With the code 0,1,3,3,2;ETAOINSHR
:
First code on row | First index on row | Number of codes | Symbols |
---|---|---|---|
0 | 0 | 0 | |
00 | 0 | 1 | E |
010 | 1 | 3 | TAO |
1010 | 4 | 3 | INS |
11010 | 7 | 2 | HR |
111000 | 9 | ... |
Decoding
The following pseudocode implements a decoder that works a bit at a time, which is suitable for a computer with small memory or one with a fast cache and slow main memory. The length table for even the biggest codes can easily fit in the L1 data cache, and the only main memory accesses are those to read the bitstream and to retrieve the symbol corresponding to each index.
- Start on row 0 of the length table, with first_code_on_row = 0, accumulator = 0.
- Fetch one bit from the bitstream, rotate it left into accumulator, and shift first_code_on_row left by 1.
- If accumulator - first_code_on_row < number_of_codes, return accumulator - first_code_on_row + first_index_on_row.
- Add number_of_codes to first_code_on_row and to first_index_on_row.
- (Optional) Subtract first_code_on_row from both accumulator and first_code_on_row.
- Go to step 2 with the next row of the length table.

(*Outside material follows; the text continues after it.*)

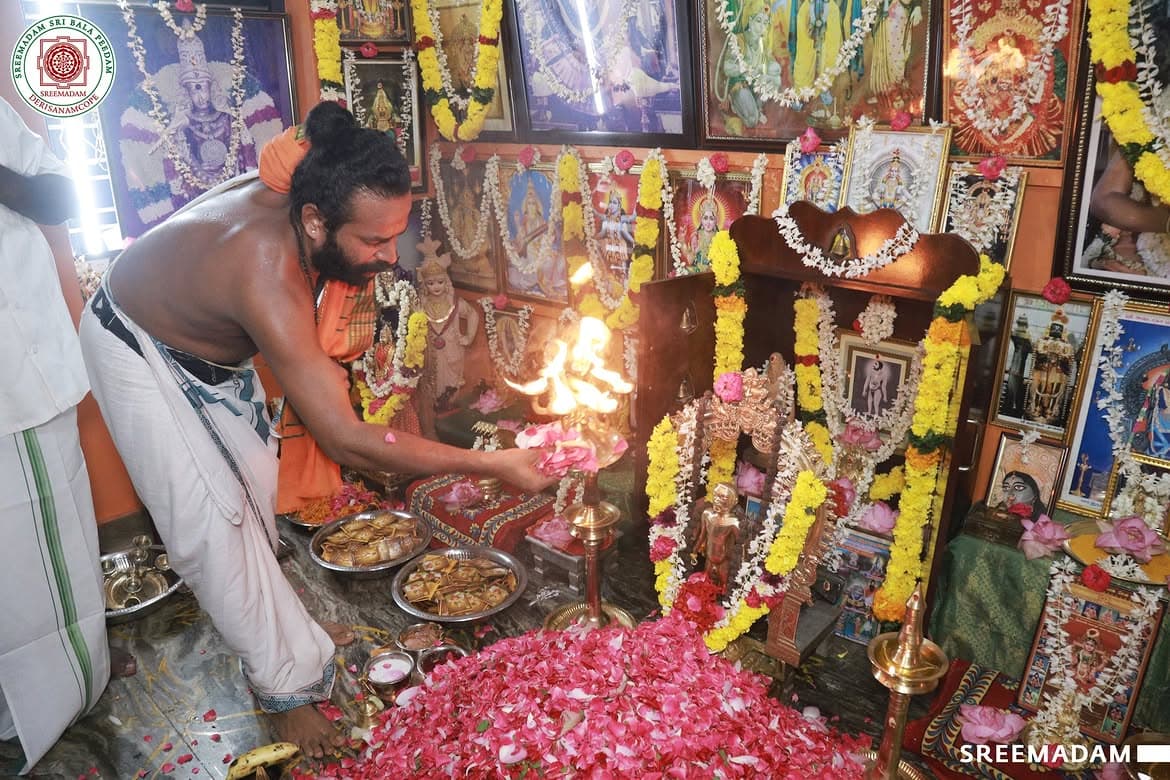 Pranava Sahasranama Archanai & Maha Deeparadhanai - Image 4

Without step 5, accumulator represents the code bits that have been fetched; this may be easier to understand. With step 5, accumulator represents the fetched bits minus the first code on the row; this eliminates one variable at implementation time.

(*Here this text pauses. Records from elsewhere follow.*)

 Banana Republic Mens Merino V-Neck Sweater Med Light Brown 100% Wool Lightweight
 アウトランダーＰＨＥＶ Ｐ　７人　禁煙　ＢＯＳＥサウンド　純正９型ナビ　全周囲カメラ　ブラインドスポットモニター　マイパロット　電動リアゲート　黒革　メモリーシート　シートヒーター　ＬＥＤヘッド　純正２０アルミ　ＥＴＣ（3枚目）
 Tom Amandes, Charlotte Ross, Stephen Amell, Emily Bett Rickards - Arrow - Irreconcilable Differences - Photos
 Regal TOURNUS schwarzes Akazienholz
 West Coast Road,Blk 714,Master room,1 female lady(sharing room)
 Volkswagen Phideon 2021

Example of decoding an S (1100) with the code 0,1,3,3,2;ETAOINSHR
:
Fetched bits | First code on row | Fetched - first | First index on row | Number of codes |
---|---|---|---|---|
1 | 0 | 1 - 0 = 1 | 0 | 0 |
11 | 00 | 3 - 0 = 3 | 0 | 1 |
110 | 010 | 6 - 2 = 4 | 1 | 3 |
1100 | 1010 | 12 - 10 = 2 | 4 | 3 |
After the fourth iteration, (fetched - first_code_on_row) < number_of_codes, so the index is (fetched - first_code_on_row + first_index_on_row) = 12 - 10 + 4 = 6, and the symbol at index 6 is S.
References
- ↑ Ian H. Witten, Alistair Moffat, and Timothy C. Bell. Managing Gigabytes. New York: Van Nostrand Reinhold, 1994. ISBN 9780442018634. pp. 33-35.